I liked Atlas Shrugged Part II more than Part I, and in fact, more than the book. I know this will be heresy for Rand Followers, so let me explain.

The weakness of Ayn Rand is that her characters are abstractions. Each character stands for an idea or a type. In a way, this is odd for a champion of individualism: Her characters are not actual individuals, but stereotypes, archetypes, or caricatures. The heroes stand up, give long speeches, and the other characters actually listen. Not too realistic.


The characters of Atlas Shrugged II are more human than either the book or the first movie installment. The second movie has a completely different cast, older and less classically beautiful than the cast of Part I. (I imagine there is a story behind the recasting partway through a trilogy, but I haven’t discovered what it is.) The more mature Dagny and Hank of Part II are more appealing as people, precisely because they are more individual. In fact, the only person in the movie who was really movie-star handsome was the revolting and phony James Taggart.

The camera work of the newer movie contributes to the more humane look too. There are more close-ups, more lingering shots of human faces. This movie is filled with people, not archetypes.

You can care about these characters because they are your fellow human beings. When Hank Reardon makes his dramatic courtroom speech the applause from the courtroom audience is totally credible in the movie. In the book, not so much.Rand wanted you to respect her characters for their achievements. But you could care about the Hank Reardon and Dagny Taggart of Atlas Shrugged II even if they got hit by a truck and were in a coma.
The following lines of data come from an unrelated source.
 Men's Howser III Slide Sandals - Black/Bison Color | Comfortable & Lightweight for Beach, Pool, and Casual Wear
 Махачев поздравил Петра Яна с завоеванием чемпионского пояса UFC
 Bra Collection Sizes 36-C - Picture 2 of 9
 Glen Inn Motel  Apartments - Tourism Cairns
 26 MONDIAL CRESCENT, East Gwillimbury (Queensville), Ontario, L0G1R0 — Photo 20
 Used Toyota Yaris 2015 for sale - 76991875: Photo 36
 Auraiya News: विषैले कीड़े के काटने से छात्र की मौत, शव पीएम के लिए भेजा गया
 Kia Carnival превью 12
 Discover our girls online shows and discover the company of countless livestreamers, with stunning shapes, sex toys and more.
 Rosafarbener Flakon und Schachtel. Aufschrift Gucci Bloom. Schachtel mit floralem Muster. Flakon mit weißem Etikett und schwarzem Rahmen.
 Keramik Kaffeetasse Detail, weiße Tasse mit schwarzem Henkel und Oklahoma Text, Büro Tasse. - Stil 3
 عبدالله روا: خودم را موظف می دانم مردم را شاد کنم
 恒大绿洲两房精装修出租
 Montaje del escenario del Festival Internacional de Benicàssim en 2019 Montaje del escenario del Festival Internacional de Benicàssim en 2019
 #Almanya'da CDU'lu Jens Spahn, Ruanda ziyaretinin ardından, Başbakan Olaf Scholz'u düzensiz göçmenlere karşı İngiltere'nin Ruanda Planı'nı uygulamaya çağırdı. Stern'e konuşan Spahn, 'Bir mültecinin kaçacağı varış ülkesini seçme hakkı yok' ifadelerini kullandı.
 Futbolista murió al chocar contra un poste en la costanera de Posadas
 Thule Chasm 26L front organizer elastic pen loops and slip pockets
This brings me to one serious misstep in the film. In the closing sequence, Dagny crashes her plane in Atlantis where the Randian supermen live. They do not run to the wreckage to help her. They walk, deliberately, slowly. I suppose we are meant to think that they are calculating their own odds of survival or perhaps the moral worth of the people who might be trapped in the wreckage. And when John Galt finally makes it to the plane, (which appears to be in no danger of blowing up) he extends his arm to Dagny. She extends her arm to him. It is all very dramatic, but honestly, it looks like he is going to drag her out of the airplane by the arm.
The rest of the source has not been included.